A rock to stand on which does not move

Have you ever looked backwards through a telescope? The world then looks much different out there. I know that the political system is heavily divided at this time. I have to admit, I have my political views and they are very Christian-based and very conservative. Yet, as I stop and I step back and look across today’s political landscape, there is a haunting question that comes to my mind. The question is, what am I really seeing going on behind the facade of the political parties today. It has changed dramatically with the previous administration, but what is happening and why?

I remember that my grandfather was somewhere between a moderate and a conservative Democrat. That is hard to imagine in today’s time. I would guess that they are still out there. How about the thought of a Christian Democrat. Let me float this thought past you, could we be watching the systematic and planned takeover of the Democratic Party? Is there enough “horsepower” left within the moderate and conservative Democratic Party to overcome this overthrow? Instead of saying that it is “them or us” is there something I can do being on the conservative right to help bring the Democratic party back to center or conservative thinking, or is the “deep state” too entrenched and the game already lost? I hope not.

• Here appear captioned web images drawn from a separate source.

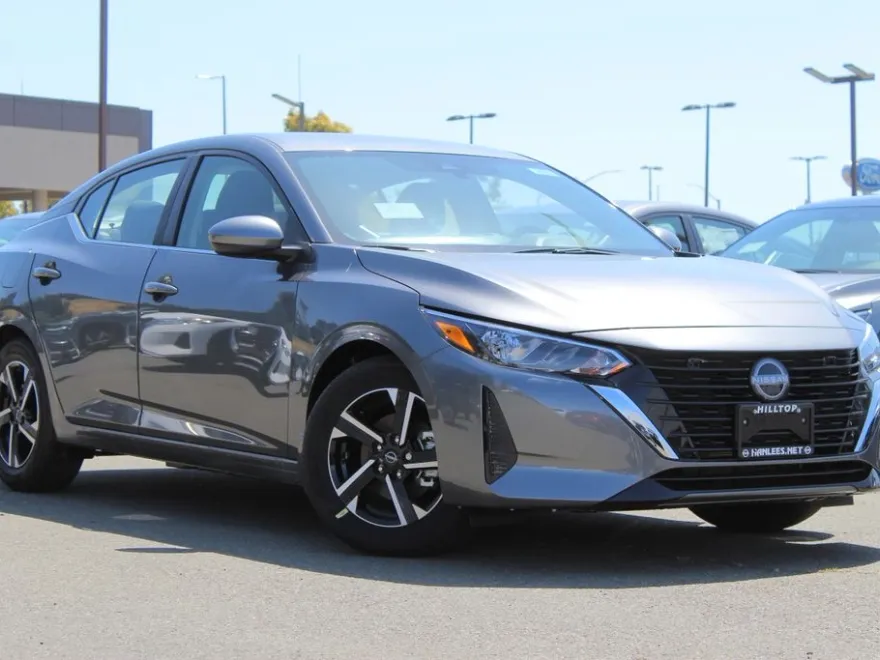 2025 Nissan Sentra SV photo 1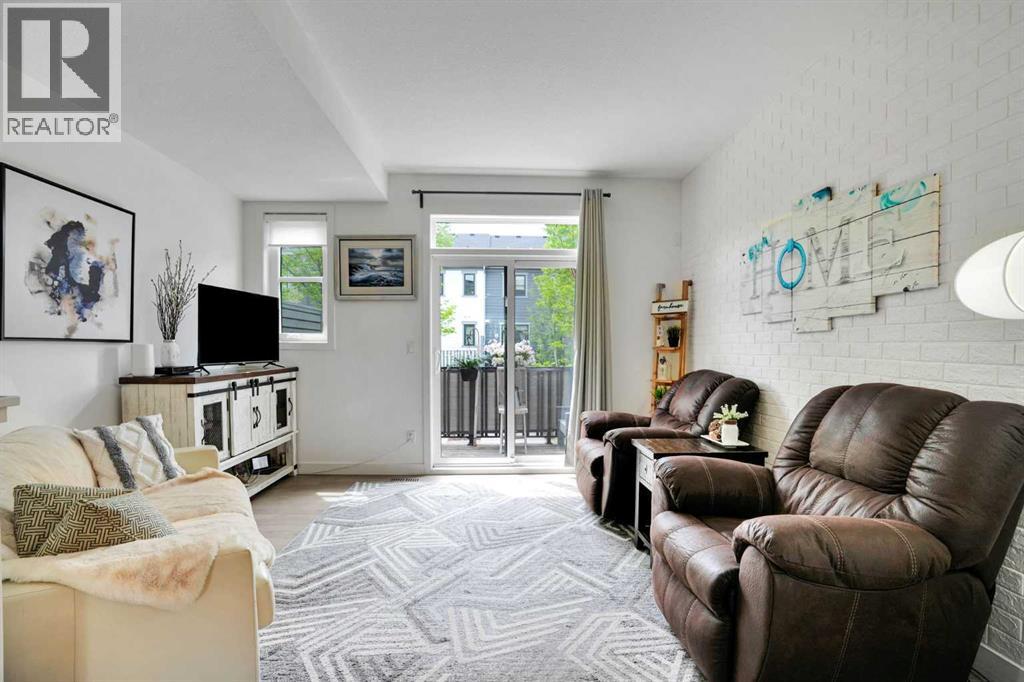 984 Walden Drive Se Property Photo 6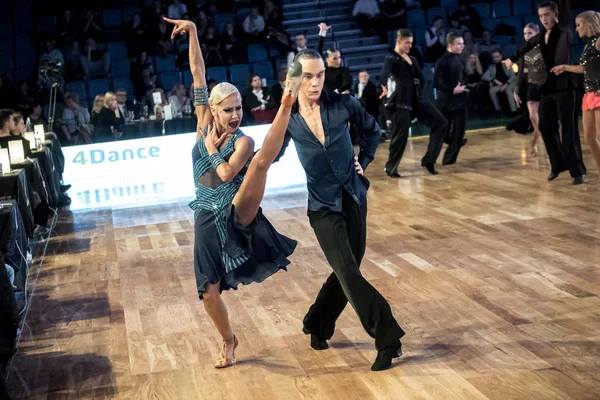 Krakow, Polen - 11. desember 2016 - Wieczysty Dance Competition. Regional danseturnering i Krakow – stockfoto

The “new Democrat” type person operates on “everything is relative” with I, me and my. Google it. Turn it over in your mind. So, if you are evil, deceptive, crooked; then your mind will take you to that your competition is the same and you must find something back there to “take them down.”

Wonderful thing about Christianity, is that it is based on absolutes. Christianity is a rock to stand upon which does not move.

Wayne Olson


We need the space to discuss 5G ramifications

This is a response to letters from Mark Kuzyk and Robert Olsen in your Feb. 7 and 8 editions, respectively.

According to Kuzyk the scientific consensus “is that there is no evidence for adverse health effects” from exposure to 5G radiation, a type of radio-frequency electromagnetic radiation.

How is it then that Citizens for Responsible Technology, a science-based grassroots organization, lists nearly 200 peer-reviewed studies — excerpted from more than 1,000 published over several decades — of the biological effects of radio-frequency electromagnetic radiation? These examine prenatal developmental effects, effects on small children, brain tumors, effects on DNA, neurological/cognitive effects and more.

So much for consensus.

The sad thing about Olsen’s letter is that it gives the impression that the Feb. 5 lecture delivered by Martin Pall at the University of Idaho was a tissue of outrageous statements about established international agencies and wild-eyed assertions about 5G effects unsubstantiated by any scientific evidence. Dr. Pall did indeed speculate about possible connections between 5G and a number of catastrophic events. But Olsen fails to acknowledge that he also spent an hour or more laying out the scientific evidence for biological effects of radio-frequency electromagnetic radiation exposure.

The core of Pall’s message was that radio-frequency exposure guidelines, established in 1996, were designed to address thermal effects only; that biological effects have since been found to occur at levels far below those guidelines; and that therefore the guidelines are inadequate and must be revised.

I agree with Olsen that we need to have better discussions about 5G. Before Feb. 5, there were no public discussions at all of the matter, either in Moscow or Pullman. 5G is a huge issue with many ramifications and people are searching for answers. Our city governments need to step up and create the space for such discussions to occur.